As a permanently designed art and landscape space in Philadelphia, »Calder Gardens« is dedicated to the work of American sculptor Alexander Calder (1898—1976) and presents a rotating installation of works from his approximately 50-year oeuvre. Initiated by the Calder Foundation in collaboration with the Barnes Foundation and realized by the Swiss architecture firm Herzog & de Meuron and landscape designer Piet Oudolf, a spatially composed experience was created, where sculpture, architecture, and landscape meet on equal terms.
Architecture by Herzog & de Meuron
The architecture of »Calder Gardens« was designed by the Swiss firm Herzog & de Meuron, known for its context-sensitive cultural buildings. The renowned architectural practice keeps the design restrained, framing the art in a calm, carefully structured setting.

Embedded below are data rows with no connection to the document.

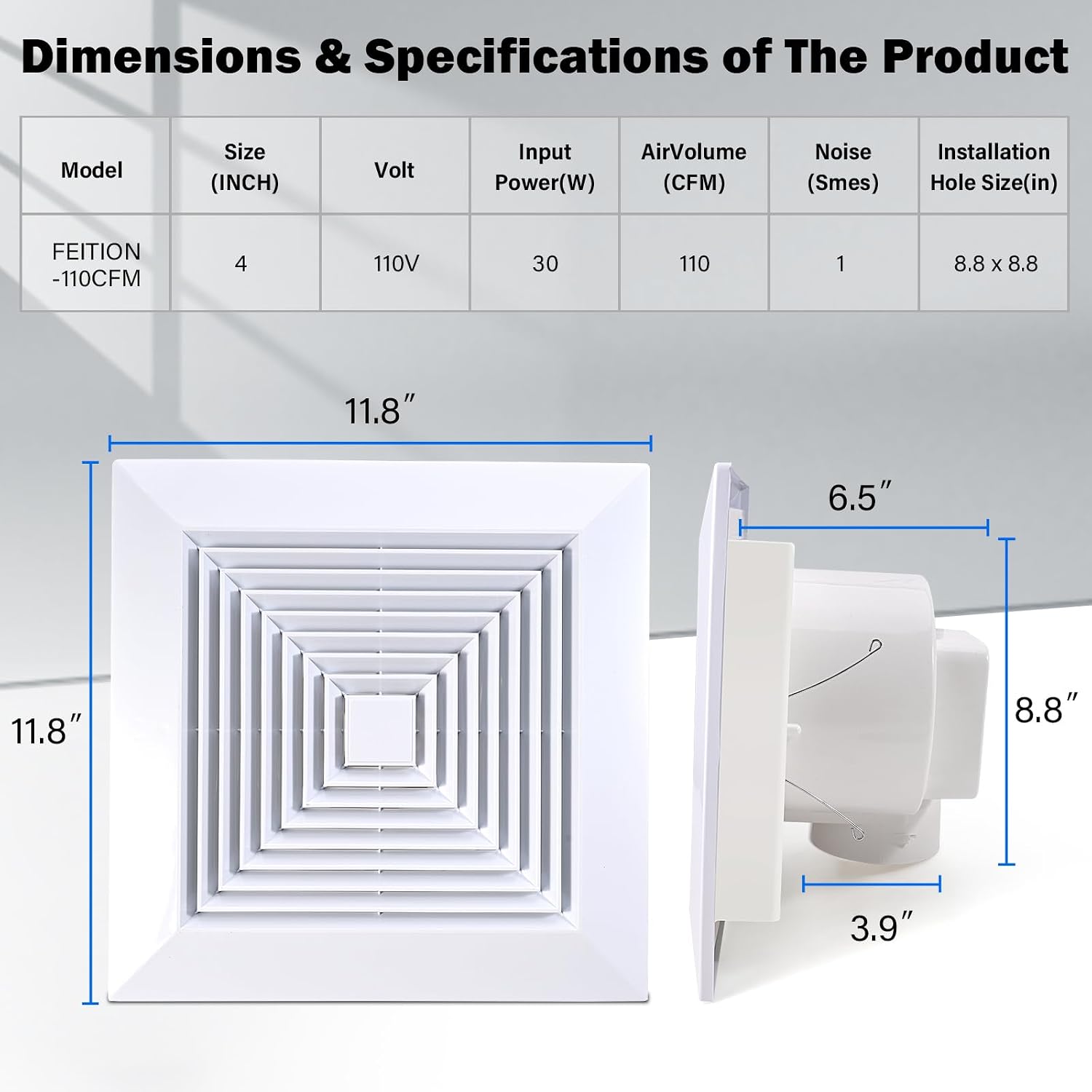 FEITON 110 CFM Bathroom Exhaust Fan, 1.0 Sone, 4-Inch Duct, Ceiling Mount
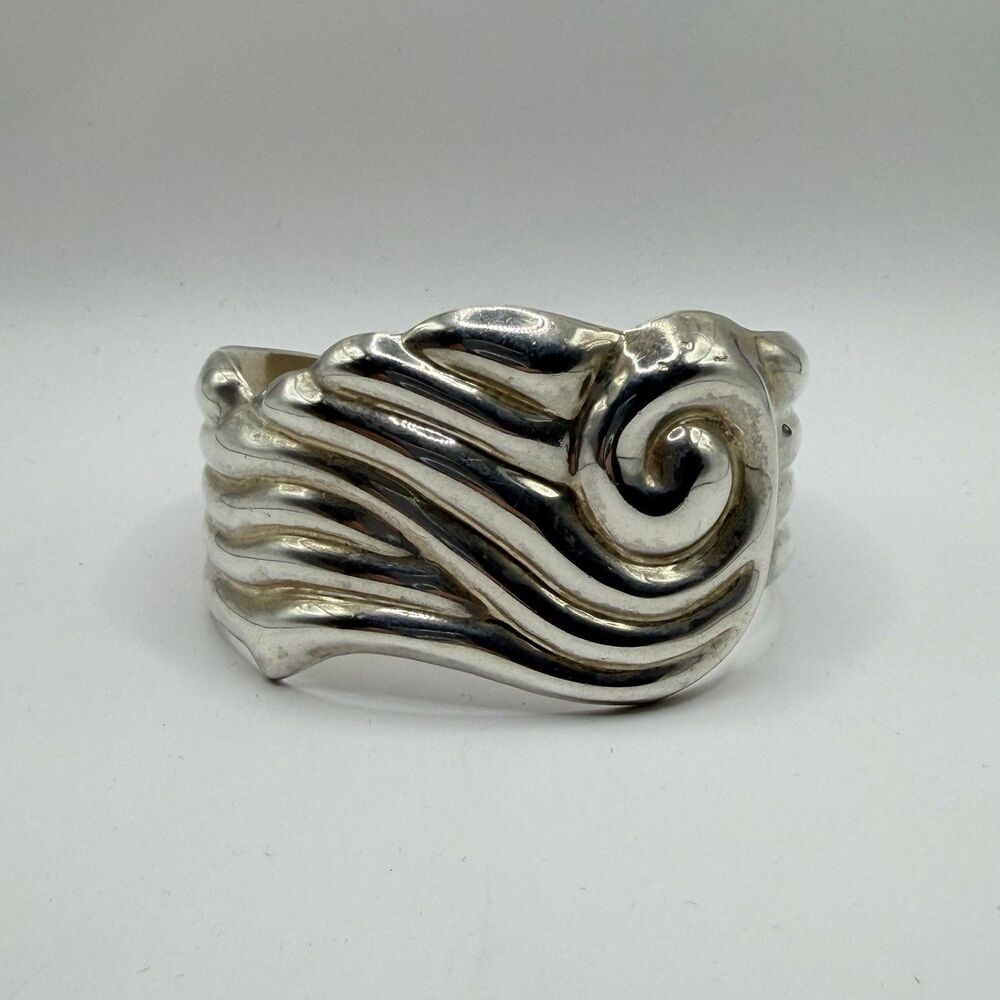 Vintage JDF Taxco Mexico 925 Sterling Silver Wave Cuff Bracelet 62.4g 7"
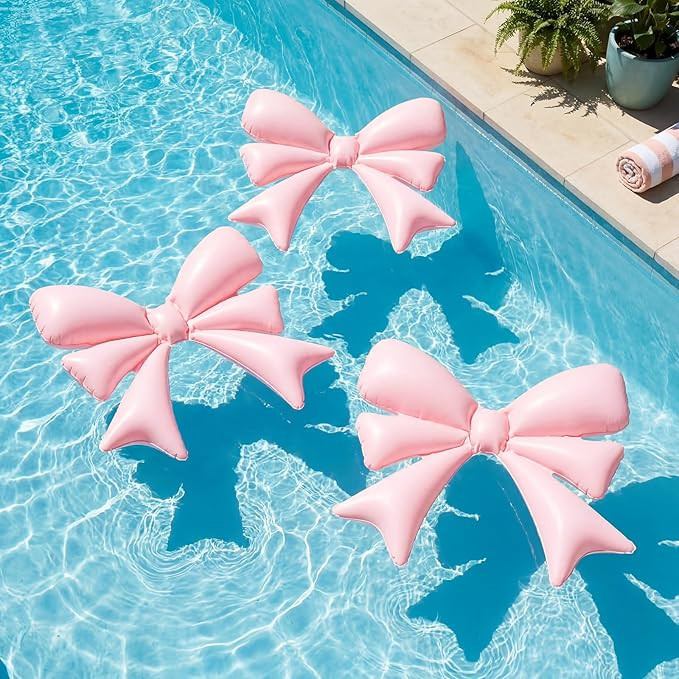 3 Pcs Inflatable Pink Bow Pool Floats for Adults, Large Pink Bow PVC Balloons Party Decorations f... | Amazon (US)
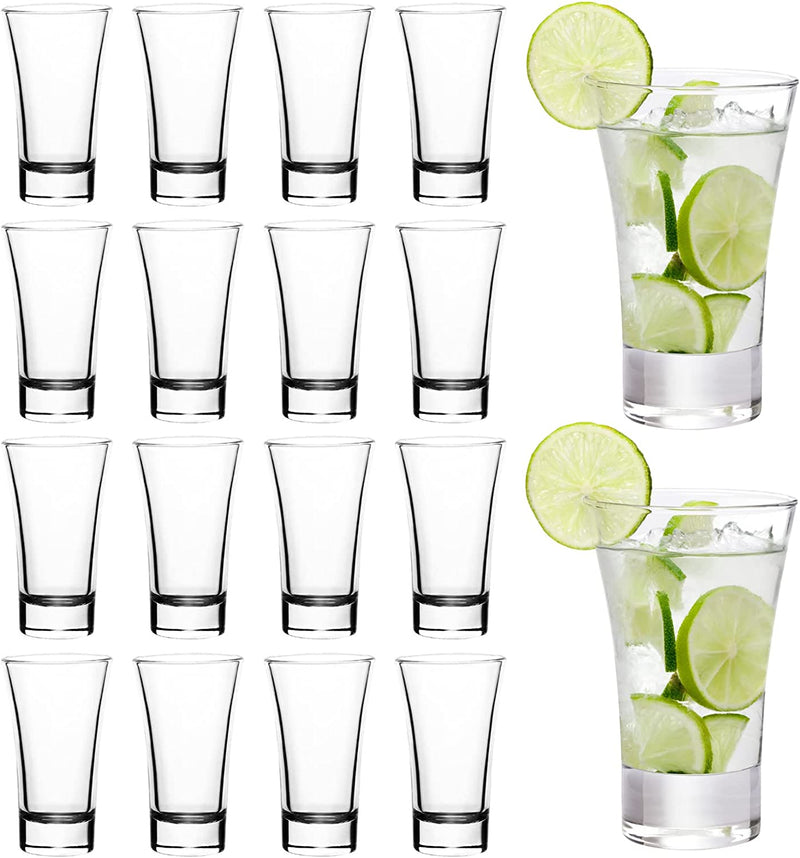 TAOUNOA 18PCS 2 oz Shot Glass Set Clear Bulk with Heavy Base Mini Shot Glasses Small Glass Cup for Tequila Vodka Whiskey Liquor Cordial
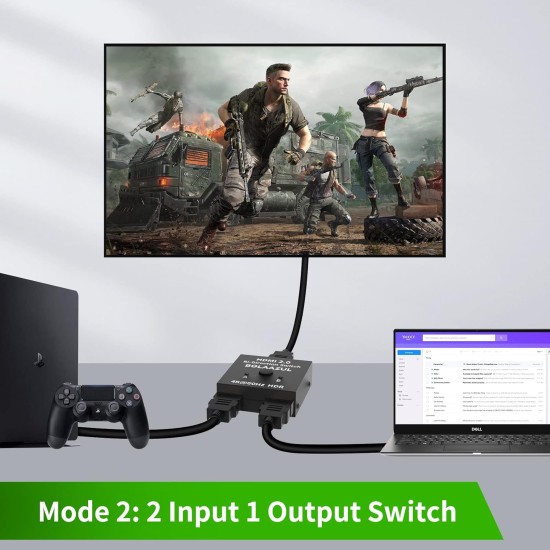 HDMI Switch Splitter 4K@60Hz, BolAAzuL Bi-Directional HDMI 2.0 Splitter Switcher 1 in 2 Out/2 in 1 Out HDMI Switch 2 Port Display Selector (2 x 1/1 x 2) 4K 3D HD 1080P for PS4,PC,Apple TV etc HDMI Switch Splitter 4K@60Hz, BolAAzuL Bi-Directional HDMI 2.0 Splitter Switcher 1 in 2 Out/2 in 1 Out HDMI Switch 2 Port Display Selector (2 x 1/1 x 2) 4K 3D HD 1080P for PS4,PC,Apple TV etc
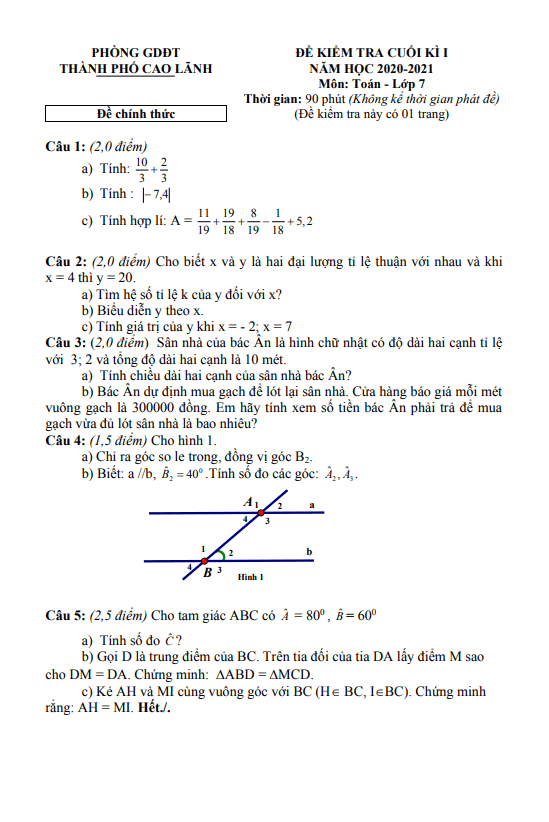 Đề kiểm tra cuối học kì 1 (HK1) lớp 7 môn Toán năm 2020 2021 phòng GD ĐT TP Cao Lãnh Đồng Tháp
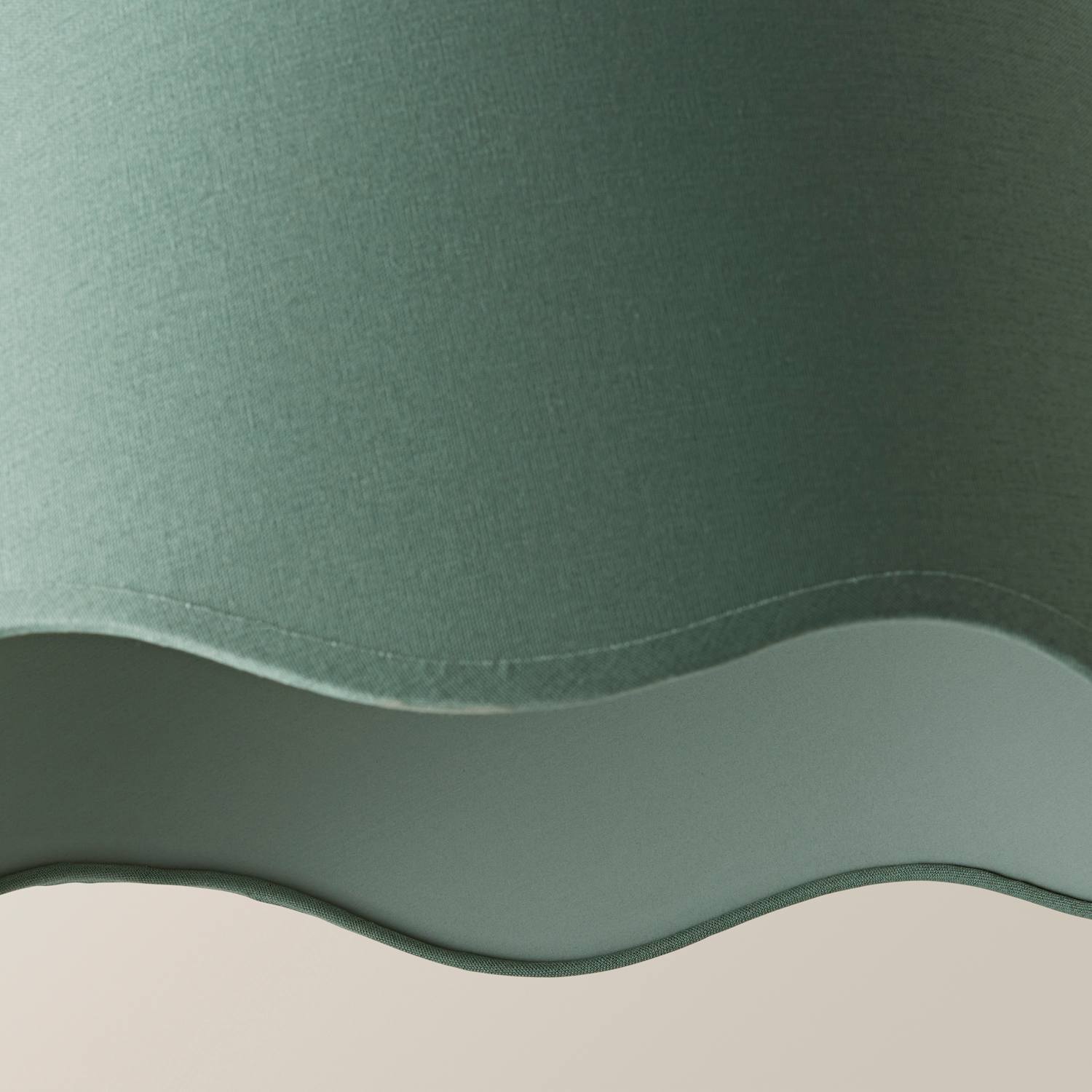 Valuelights Unisex Green Mabel Linen Large 30Cm Scallop Edge W/ Trim Lamp Shade W/ Bulb In - Image 2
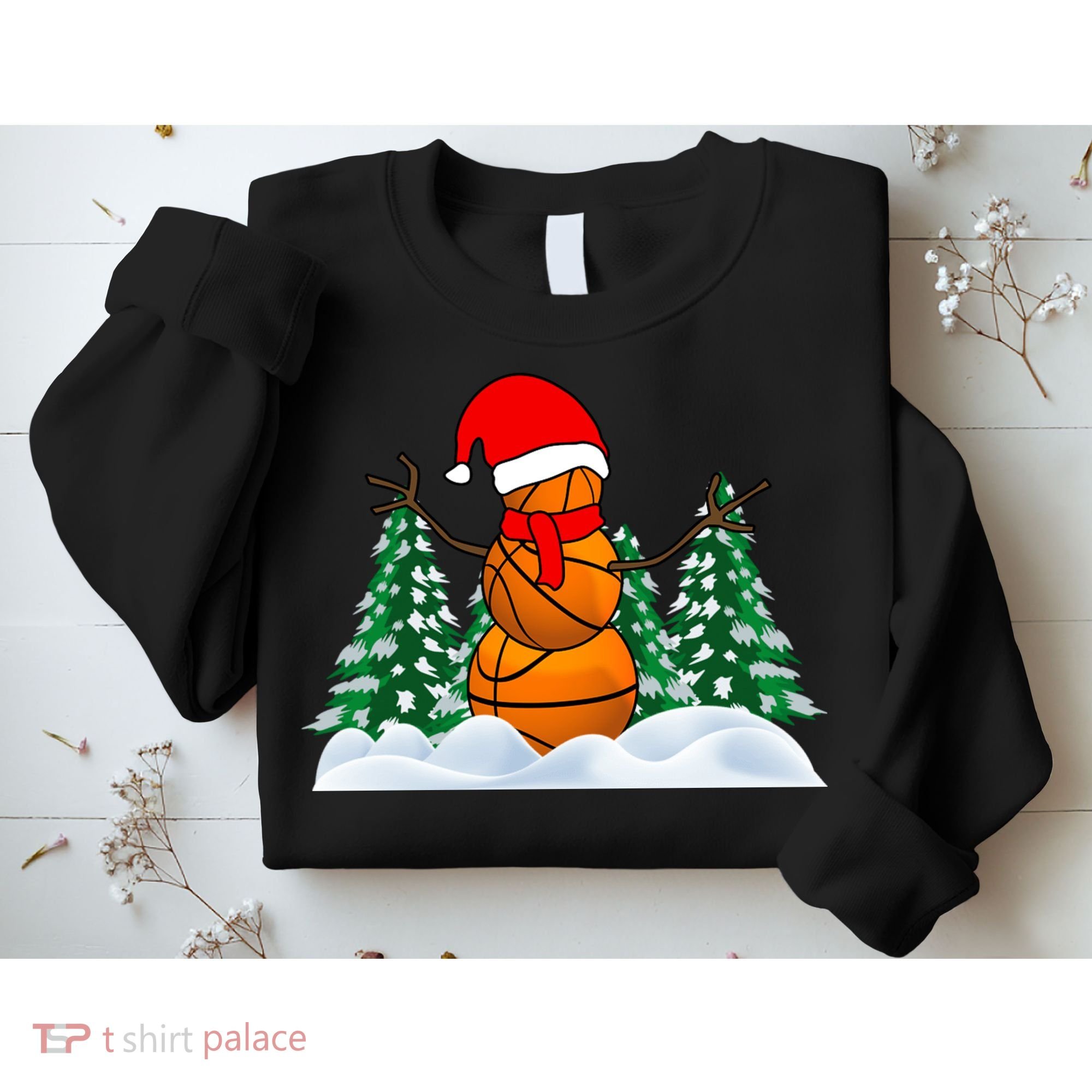 Basketball Winter Snowman Santa Sweatshirt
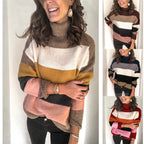 Damen modischer Strickpullover mit lässigem Rollkragen und farbiger Blockgestaltung R&B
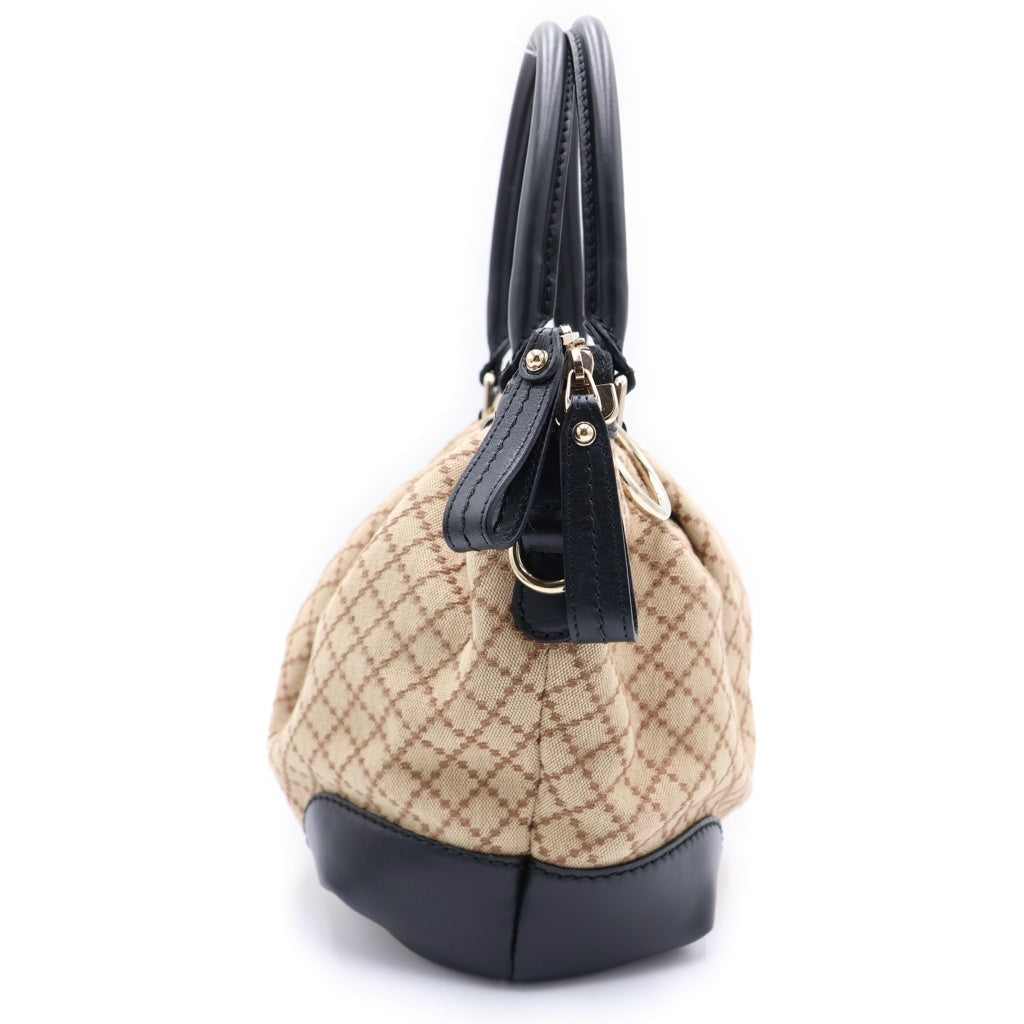 GUCCI(グッチ) ディアマンス 2WAYハンドバッグ ショルダーバッグ ブラック×ベージュ キャンバス×レザー 247902 ゴールド金具 レディース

Partially embedded in the ground, the structure develops along the property in horizontal sequences.

The architecture remains deliberately low and opens up to the landscape, rather than separating itself from it. In response to the kinetic and static quality of Calder’s sculptures, a sequence of spatial situations emerges, characterized by differently proportioned rooms, varying ceiling heights, and strategically placed daylight openings. Materials and surfaces are subtly chosen, directing focus to the form, movement, and scale of the sometimes larger-than-life sculptures.
Landscape Design by Piet Oudolf
Piet Oudolf, one of the most influential landscape designers of our time, was entrusted with the design of the landscape for »Calder Gardens«. His concept is based on a multi-layered planting of perennials, grasses, and woody plants, used as compositional elements that change with the rhythm of the seasons. Movement—one of the central principles of Alexander Calder’s mobiles—is created here by wind, light, growth, and change.

Oudolf’s overall overview of the planting concept for the «Calder Gardens» site, with color coding for plant selection as a reference; the drawing shows various planting concepts for the different areas of the landscape and their connection to each other.

Like Calder’s sculptures, which remain in a constant, never identical state due to air movement, gravity, and balance, the landscape is also designed as a dynamic system. More than 250 plant species form a living structure in which processes of becoming, passing, and renewal become visible. Calder’s statement »The universe is real, but you can’t see it. You have to imagine it.« can be read in this context as a unifying idea: perception is active and only unfolds in the interplay of space, time, and imagination.

Calder in his Roxbury studio, 1941.
In the garden spaces, designed as open structures, the sculptures do not appear as isolated objects, but as integral components of a changing environment. Wind, light, and vegetation continuously influence their perception and echo Calder’s interest in movement and change; Oudolf expands the environment with his intervention—as in a successful collaboration—to an additional dimension.

A Quiet System
»Calder Gardens« largely foregoes explanatory texts or traditional mediation formats, focusing instead on direct experience. The project positions itself neither as a sculpture park nor as an exhibition house, but as a coherent ensemble of space, design, landscape, and art, where Calder’s work is rethought both spatially and conceptually. In doing so, »Calder Gardens« sets a new standard for dealing with modern sculpture in public and semi-public spaces. Architecture and landscape do not compete with the art, but form an environment specifically tailored to the work—a place where design has a structural impact and allows art to speak in its own way. [Ed.]